Beginning with the line that contains "Photo of property" in the material below, print each line exactly until the line that contains "Holiday Inn Express" has been printed, then stop.

Start of Available data

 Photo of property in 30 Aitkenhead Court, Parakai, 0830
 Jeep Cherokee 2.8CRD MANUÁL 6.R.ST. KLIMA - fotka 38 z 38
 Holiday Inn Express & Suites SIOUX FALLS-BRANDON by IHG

End of Available data
Start of Available data

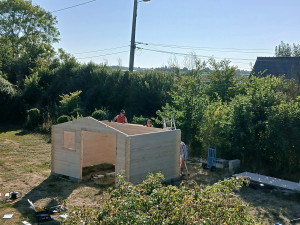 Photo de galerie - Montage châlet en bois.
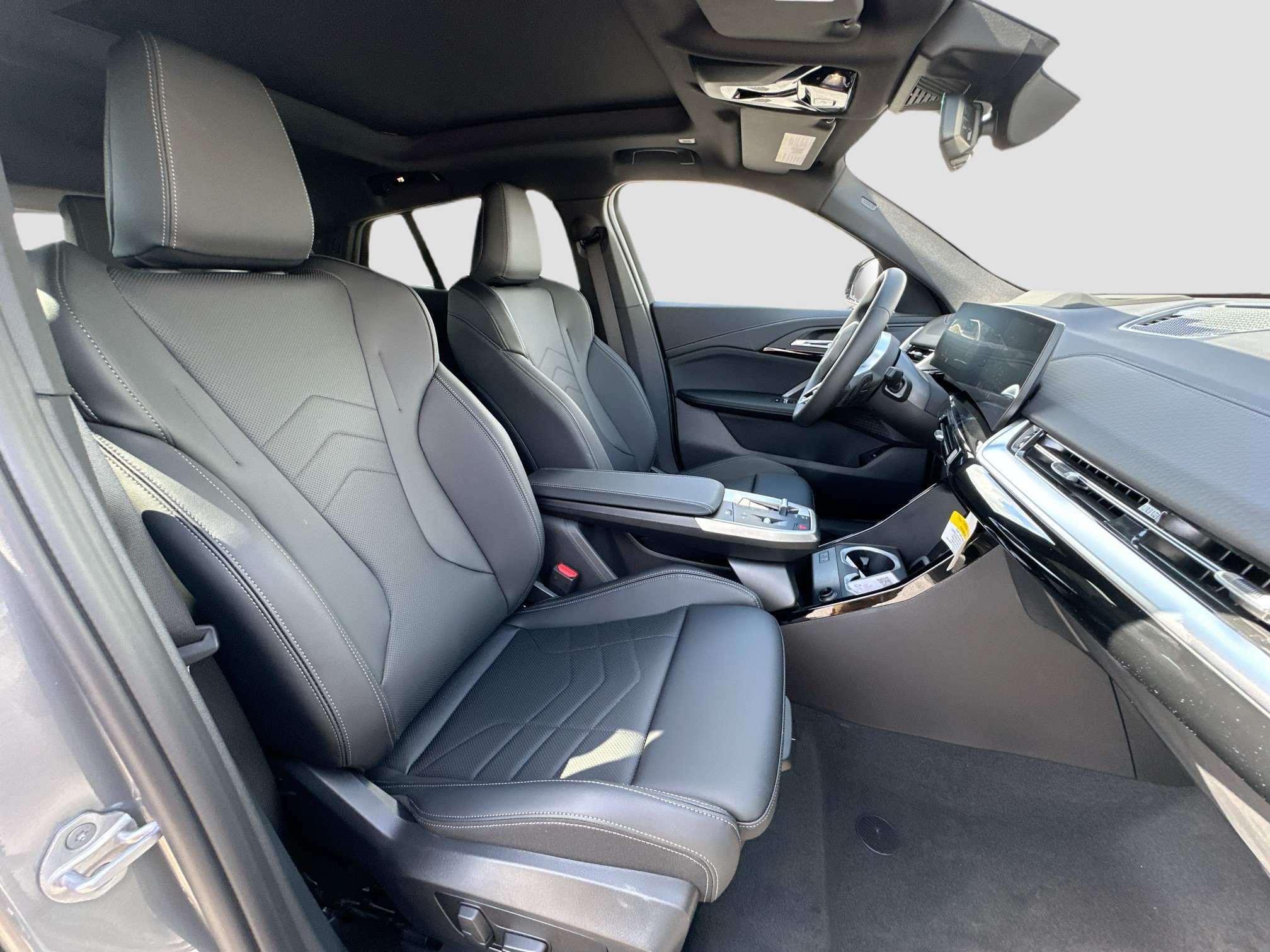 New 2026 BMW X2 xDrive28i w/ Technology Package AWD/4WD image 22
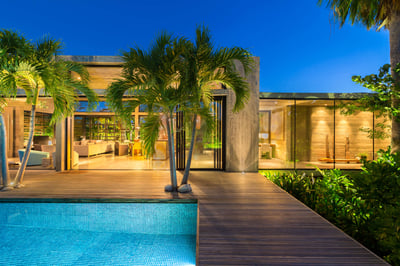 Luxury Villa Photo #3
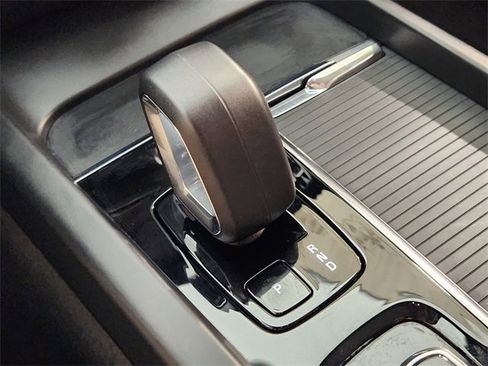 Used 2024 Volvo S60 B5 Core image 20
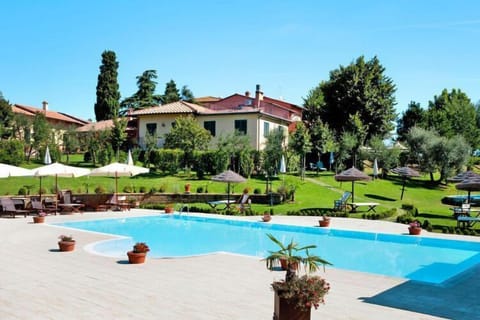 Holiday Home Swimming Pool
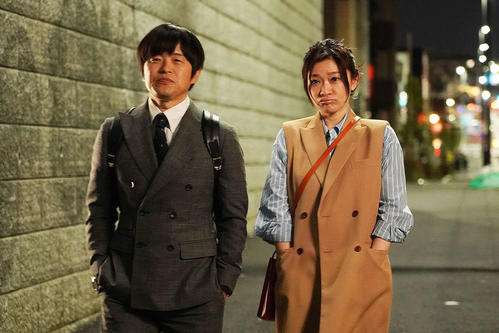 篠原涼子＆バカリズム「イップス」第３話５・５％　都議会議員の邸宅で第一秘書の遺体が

End of Available data

*Result for this task*.
 Photo of property in 30 Aitkenhead Court, Parakai, 0830
 Jeep Cherokee 2.8CRD MANUÁL 6.R.ST. KLIMA - fotka 38 z 38
 Holiday Inn Express & Suites SIOUX FALLS-BRANDON by IHG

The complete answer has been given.